The three phonological signs were taken as important signs for fortune by ancient Chinese. If the eagles don’t hunt, the army will lose in the fights; if the flowers don’t wither and leaves don’t fall, relationship between the emperor and his officials will get ill; if the farmers don’t get good crop harvest, disasters will happen.
In ancient China, farmers would contribute crops to the emperor and ancestral temples and pray for a good year after chushu.
Many customs around chushu are related to worshipping ancestors and celebrating harvest.
Setting lanterns on the river
Zhongyuan Festival, or the Hungry Ghost Festival, on the 15th day of the seventh month in lunar calendar usually falls around chushu.
Offering sacrifice to ancestors is the top task on Zhongyuan Festival, while traditions like putting lanterns on the river, burning incense, hanging paper flags and burning paper flowers are still conducted across the regions, which is said to relieve the suffering of the dead hanging around in the “ghost month.”

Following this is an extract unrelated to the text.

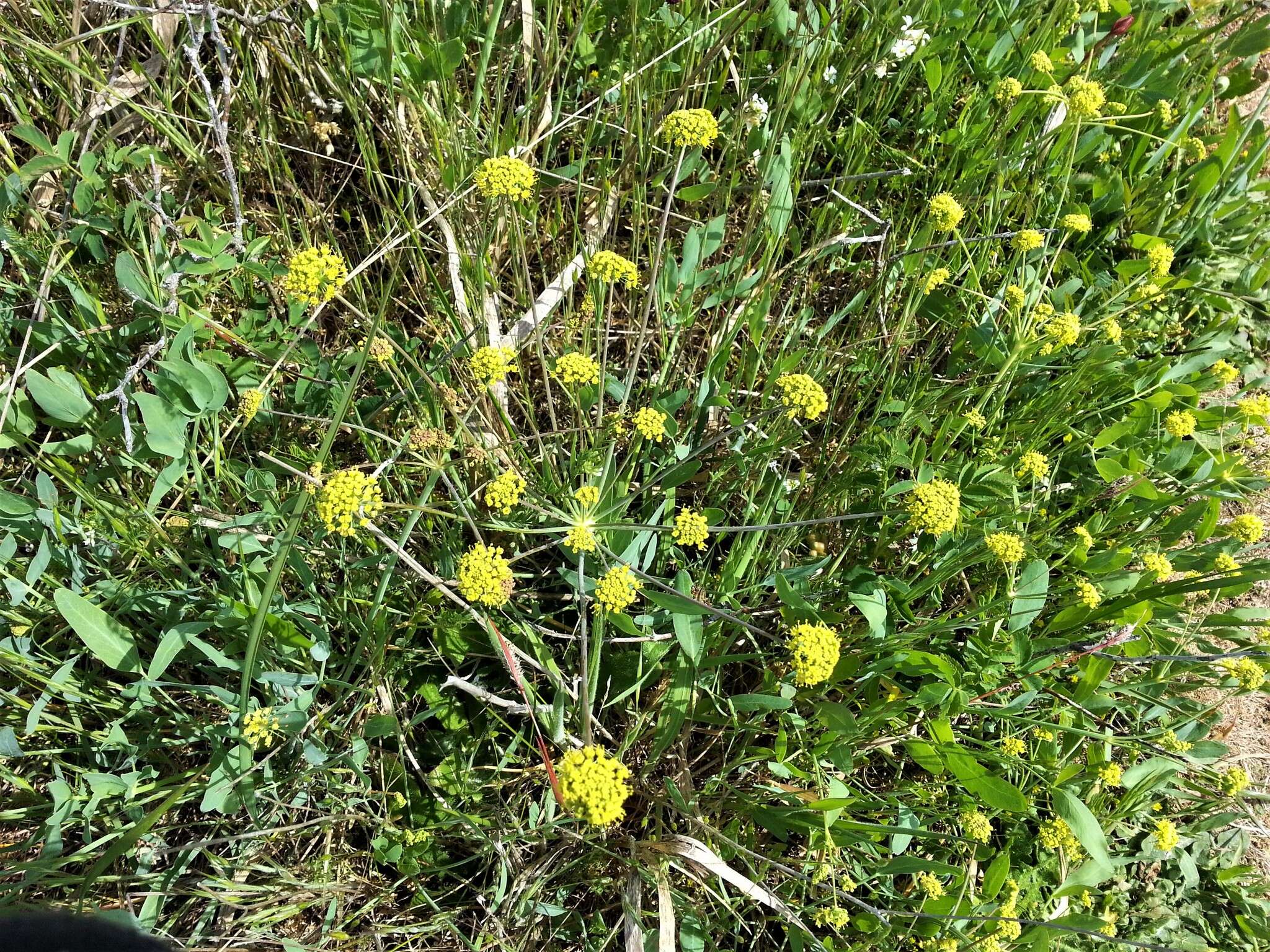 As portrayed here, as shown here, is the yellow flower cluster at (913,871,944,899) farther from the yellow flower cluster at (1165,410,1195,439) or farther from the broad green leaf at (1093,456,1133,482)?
the yellow flower cluster at (1165,410,1195,439)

The lanterns used in the Yellow River region are usually shaped like lotus that can float on the water surface. People believe that by setting the lotus lanterns on the river can help protect the wandering ghosts from suffering and sending them to “the other shore.”
The lanterns used in southern China are bigger and more delicate. They are mostly shaped like palace with a paper flag with sacrificing words and their own names, so as to let the dead know from where the sacrifice came from.
The tradition is especially popular in regions with broad riverway and slow current.
The fishing offseason usually ends around chushu when the waters are still warm with mature fish. Big ceremonies for the start of the fishing season are held in the coastal regions like Xiangshan, Zhoushan and Jiangchuan.
Hundreds of fishing boats set off from the docks amid steam whistle, firecrackers and loud drum music.
Duck that helps dispel pathogenic heat and nourish yin energy is a highly recommended food in the season. Ducks are cooked in various ways throughout China on chushu.
Many Beijing residents maintain the tradition of eating duck cooked with lily’s root till this day, while some elderly residents in Nanjing, Jiangsu Province, usually braise duck in brown sauce at home, and send a bowl of duck to neighbors before enjoying it themselves.
An old saying in Nanjing goes that "if you send duck to the neighbors on chushu, everybody in the neighborhood will be healthy."
Longan and porridge
In Fuzhou, Fujian Province, there is a tradition of eating longans along with porridge on chushu as a reinforcement to make up for the losses in summer heat.